----- RECORDS FOR THIS TASK -----
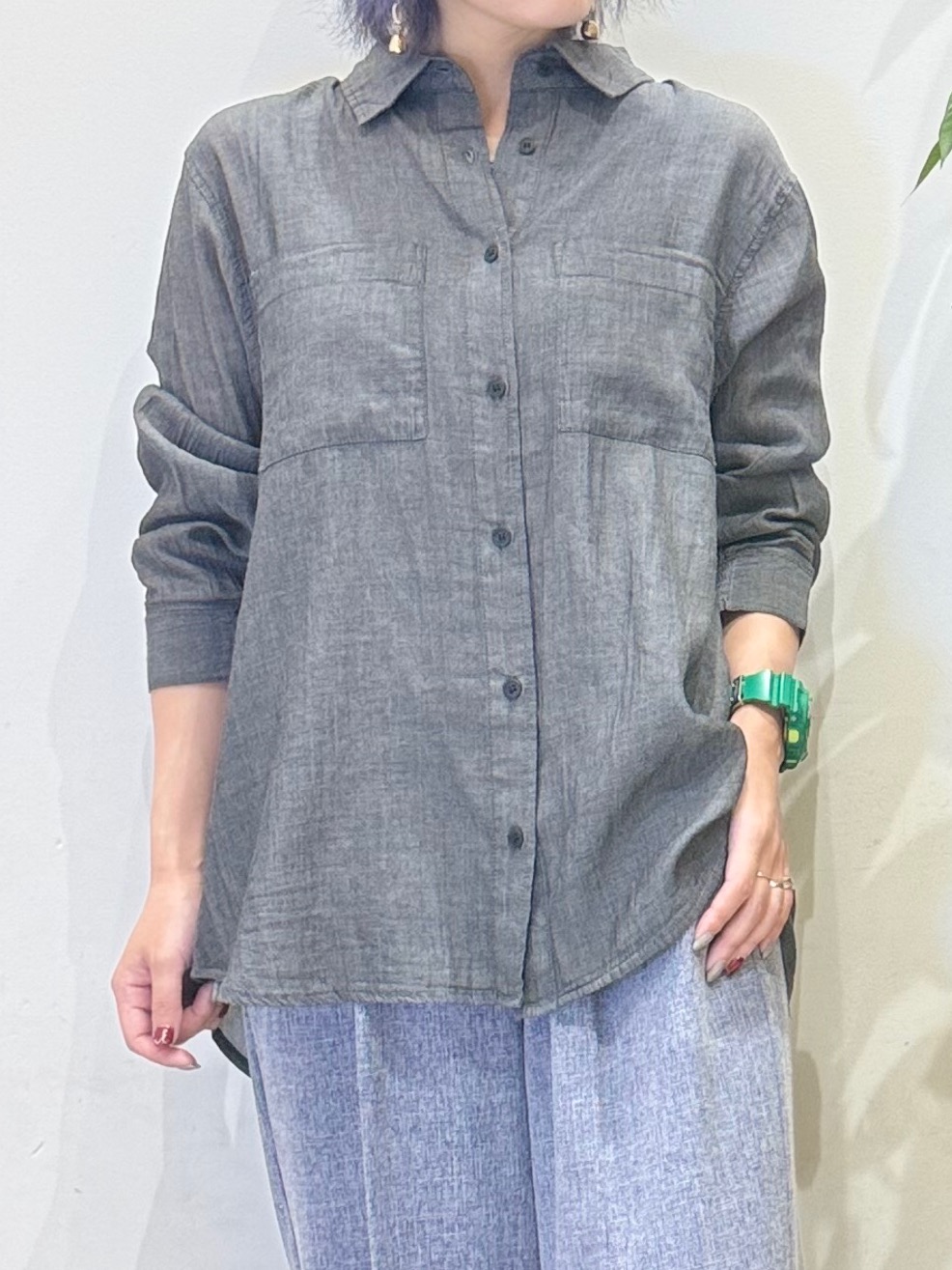 misakiさんの「SHOO･LA･RUE｜【綿100%/UV/S-LL/体型カバー】ヒップが隠せる 柔らかシアーデニムシャツ」を使ったコーディネート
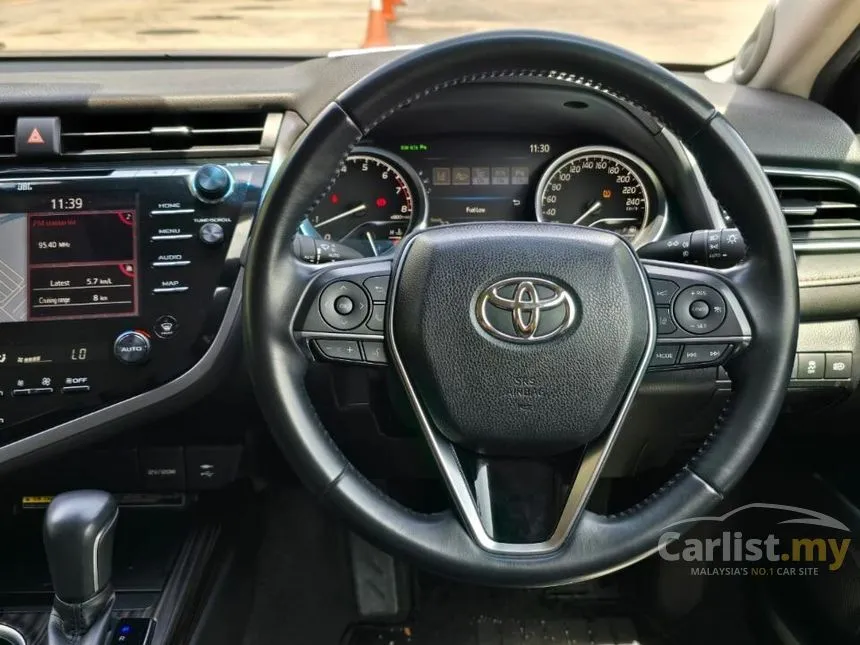 2021 Toyota Camry V Sedan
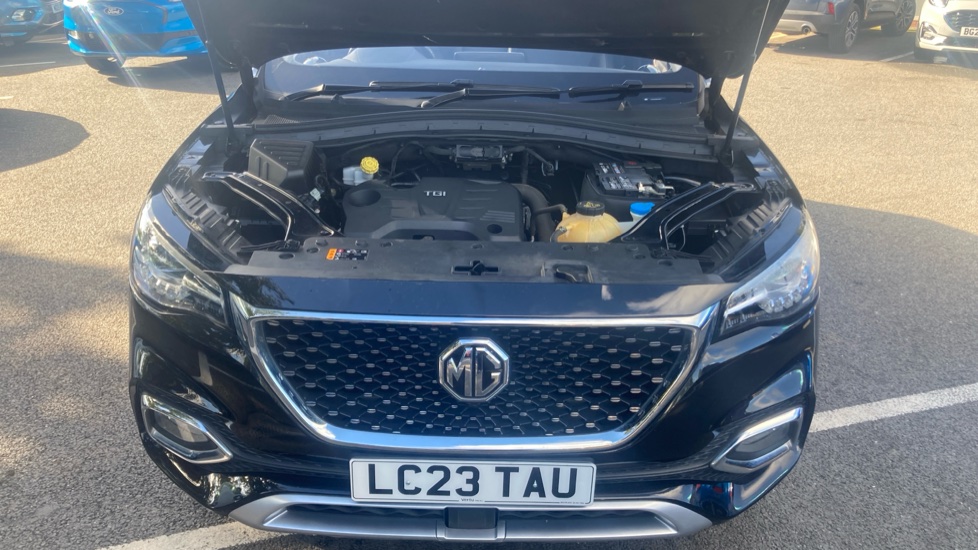 MG HS 1.5 T-GDI Exclusive 5dr Petrol Hatchback - Image 8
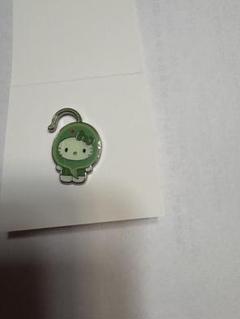 藻キティ　ピンバッジ　ウチワヒゲムシ属ギガス種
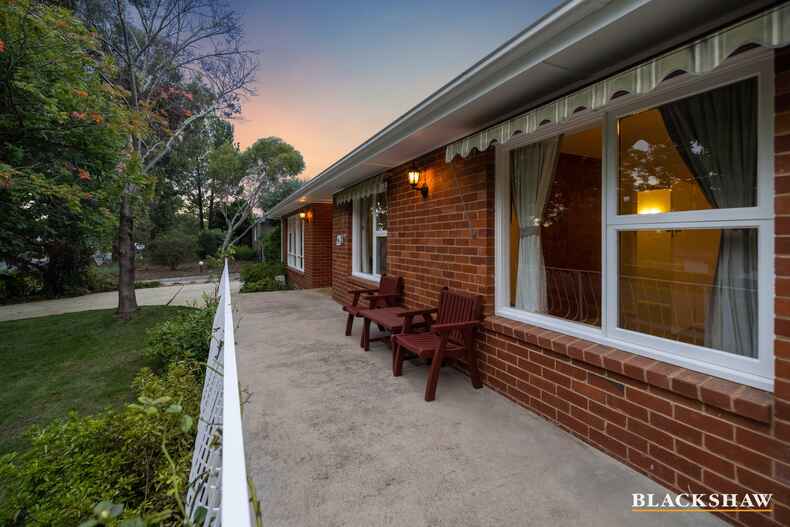 26 MacDonnell Street Yarralumla 26 MacDonnell Street Yarralumla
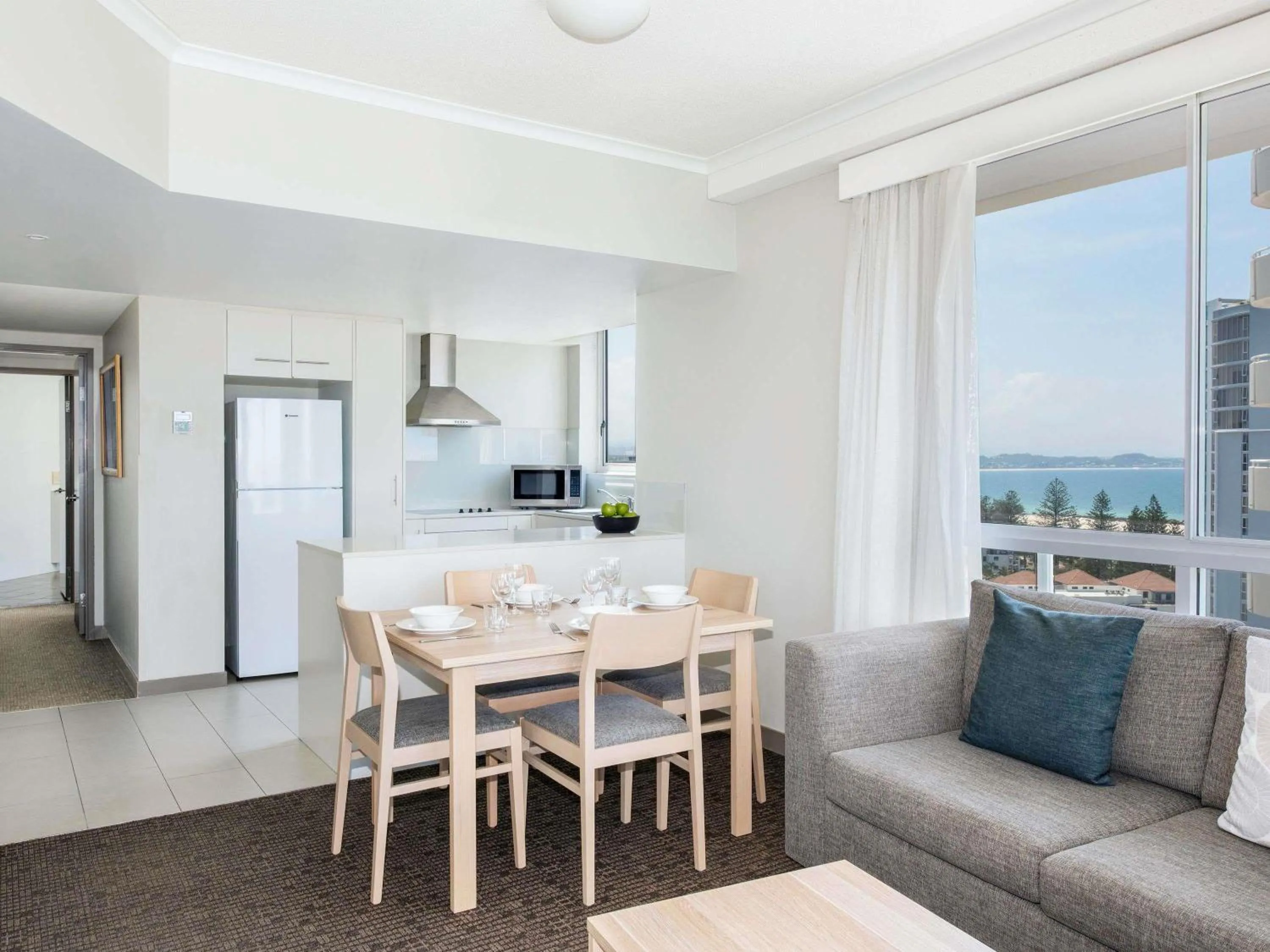 Property building in Mantra Twin Towns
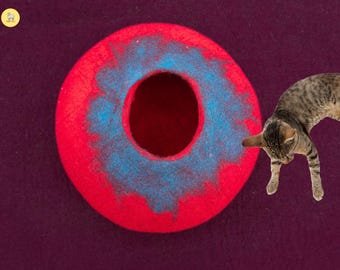 Red and Blue Wool Cat Cave: Eco-Friendly Felt Pet Bed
-----
■ WORK REQUIRED: Starting at the line where "26 MacDonnell Street Yarralumla 26" appears, restate every line through the end of the records above exactly, but omit the pictures.

■ RESULT OF THIS TASK:
 26 MacDonnell Street Yarralumla 26 MacDonnell Street Yarralumla
 Property building in Mantra Twin Towns
 Red and Blue Wool Cat Cave: Eco-Friendly Felt Pet Bed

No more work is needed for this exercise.